Thanks for your reply. I can't see how I missed that, because it's indeed very crucial for my result, however, it still allows characters like dash, underscore, ampersand, etc, to occur.
To be honest, it still doesn't. I've updated my question with the full code I'm using, maybe that will shed a new light on the subject.
I noticed that you are checking for strings that are illegal. Let's turn it around and check for a string that is valid. (You don't want any spaces to surround the name, right?)
You're right, I don't want any spaces surrounding the name. But I do want people to be able to use one name instead of forcing them to use two names.
Ah. Se updated answer. This should work /^[a-zA-Z]+(\s[a-zA-Z]+)?$/
0

You really don't care if there are leading or trailing spaces, or how many there are in between the names, all that stuff is very easy to manage without bothering the user.
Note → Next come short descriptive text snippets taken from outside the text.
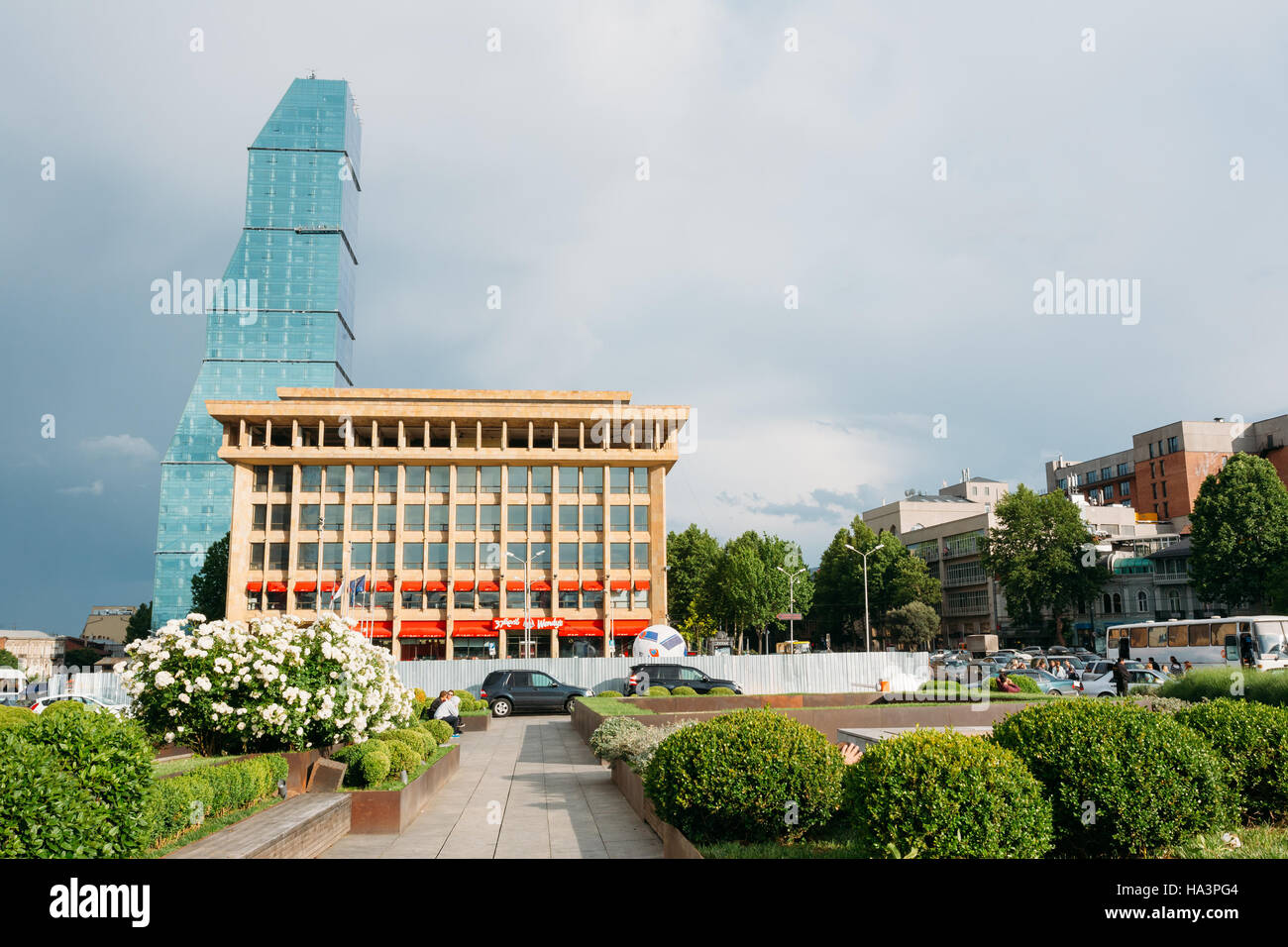 Tbilisi, Georgia. Vista del centro business e costruire Biltmore Hotel. Pubblico di piccole città giardino in primo piano Foto Stock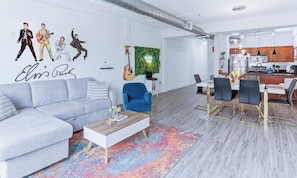 Ein modernes Wohnzimmer mit grauem Sofa, blauem Sessel und Couchtisch.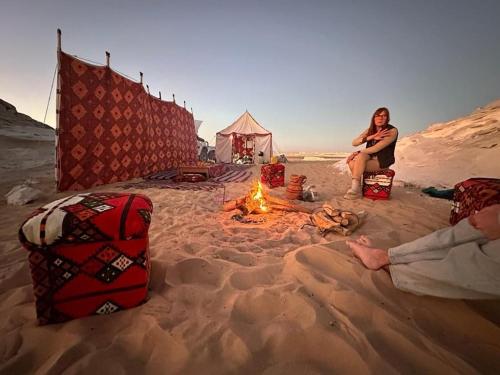 a group of people sitting around a fire in the sand at White desert Egypt safari in Bawati
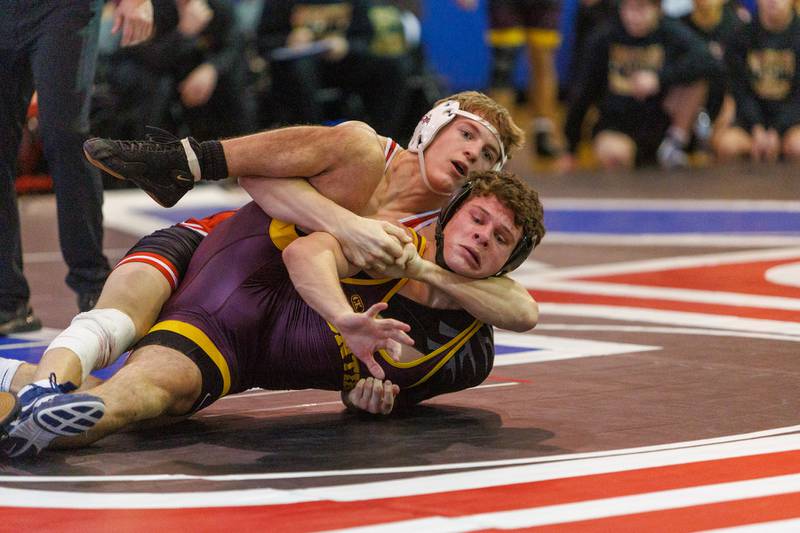 Marist's Thomas Fidler and Montini's Will Konder competes in the 157 lb match  at the Marmion Class  2A Dual Team Sectional on Thursday, Feb. 5,2026 in Aurora.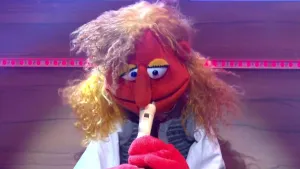 Foto van scène uit de Boterhamshow met portret van Jamie (pop) die blokfluit speelt.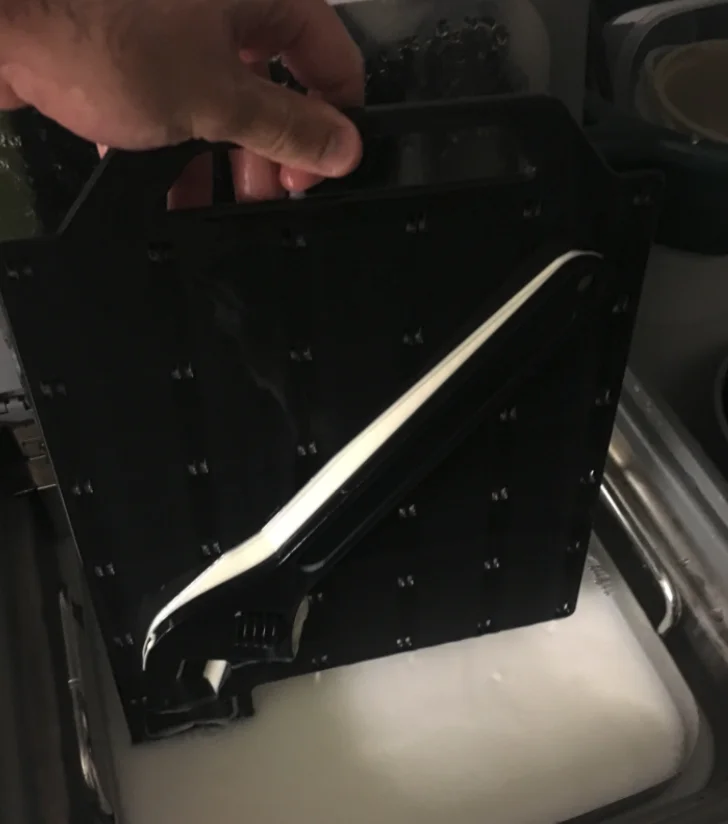 Placing the 3D print into a soluble water bath. - Fictiv Placing the 3D print into a soluble water bath.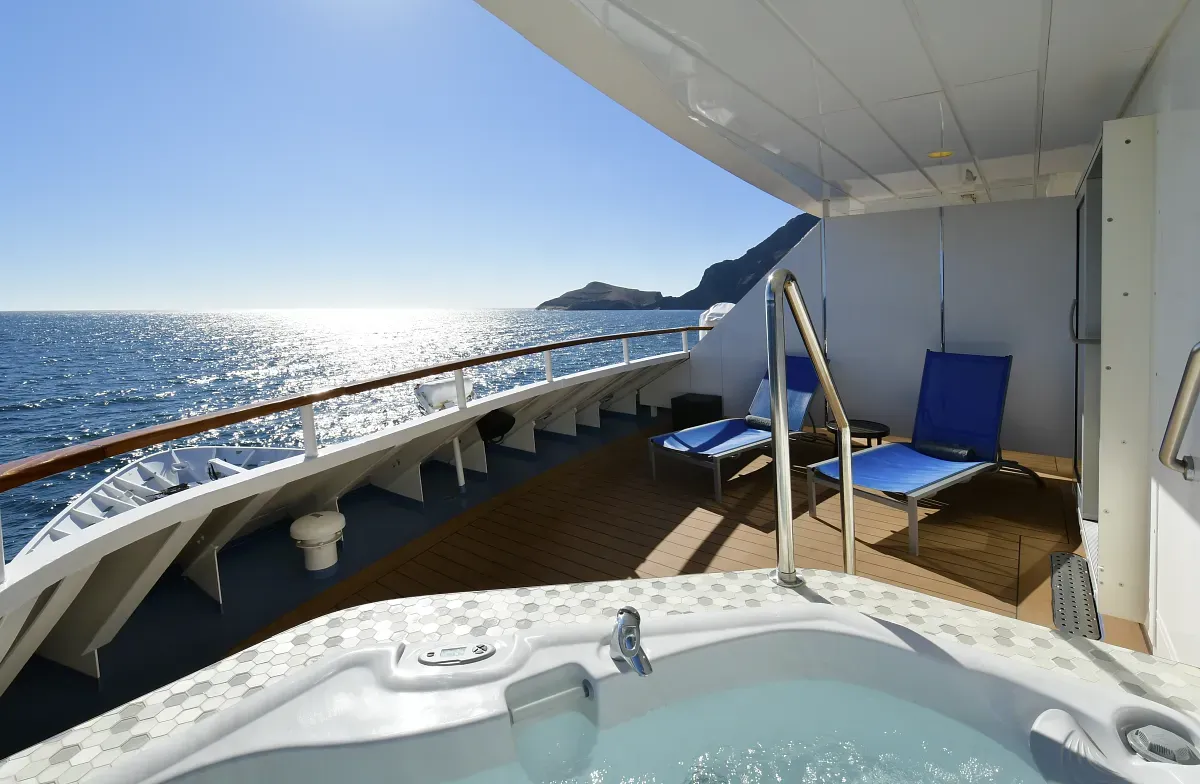 Lounge sundeck with a jacuzzi and views to the ocean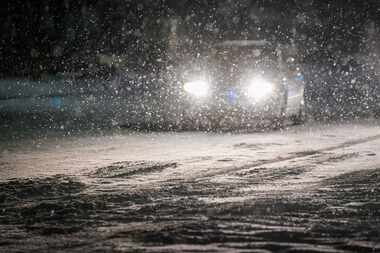 Cars move slowly through falling snow on Plano Road near Renner Road as a second winter...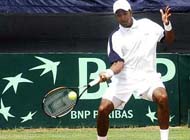 Prakash Amritraj returns the ball to Denis Istomin of Uzbekistan during their second singles match of the Davis Cup Asia-Oceania Group I second round tie in Jaipur on Friday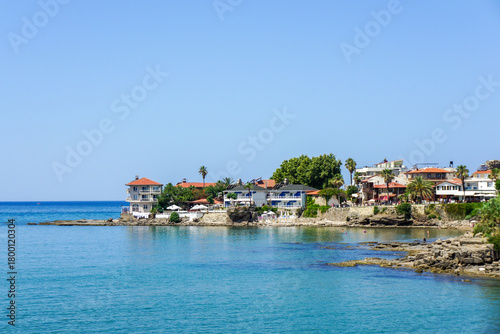 Fototapeta Naklejka Na Ścianę i Meble -  A calm blue sea with a few boats floating on it Side Antik Liman
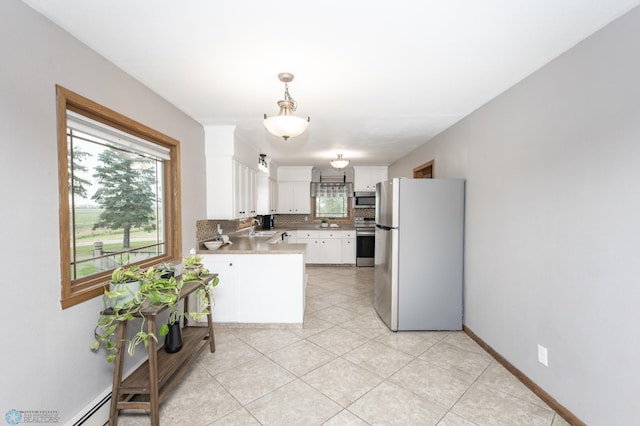 kitchen featuring a sink, pendant lighting, white cabinetry, stainless steel appliances, and backsplash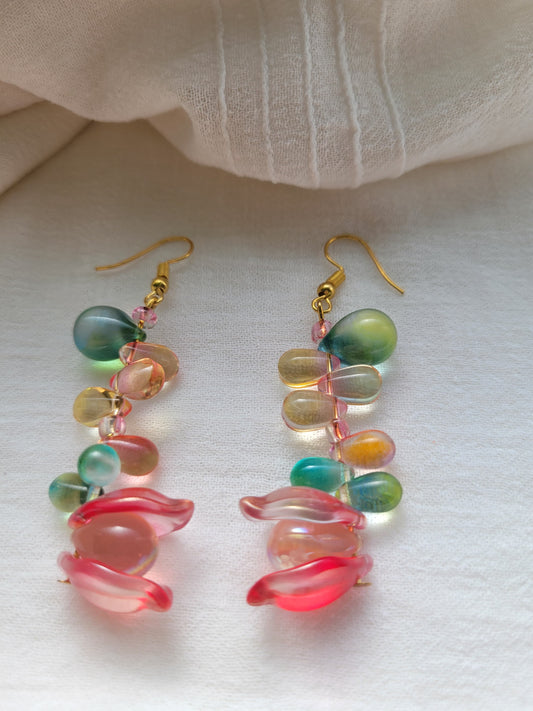 Multicolored glass beads earrings on a white fabric background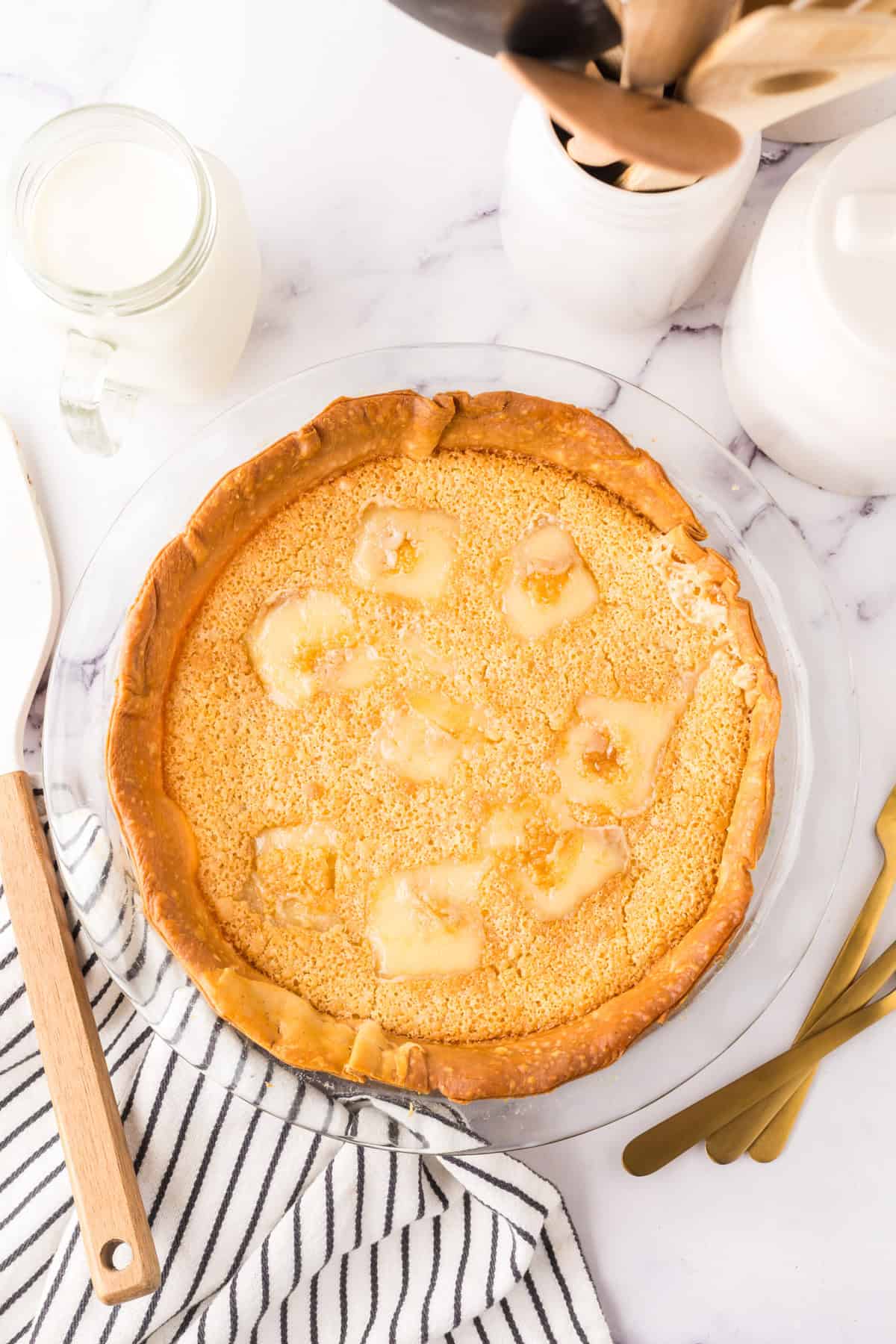 pie plate with the hoosier sugar cream pie baked inside.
So a suitable function might be:

function checkNames(s) {
  // Remove excess spaces
  s.replace(/(^\s*)|(\s*$)/g, '').replace(/\s+/g, ' ');

  // Check remaining content
  return /[a-z]+ [a-z]+/i.test(s);
}

But note that names can be hyphenated and contain numbers (e.g. William Gates the 3rd) or letters other than those in the English alphabet. So usually you let users type whatever they want and just deal with the spaces.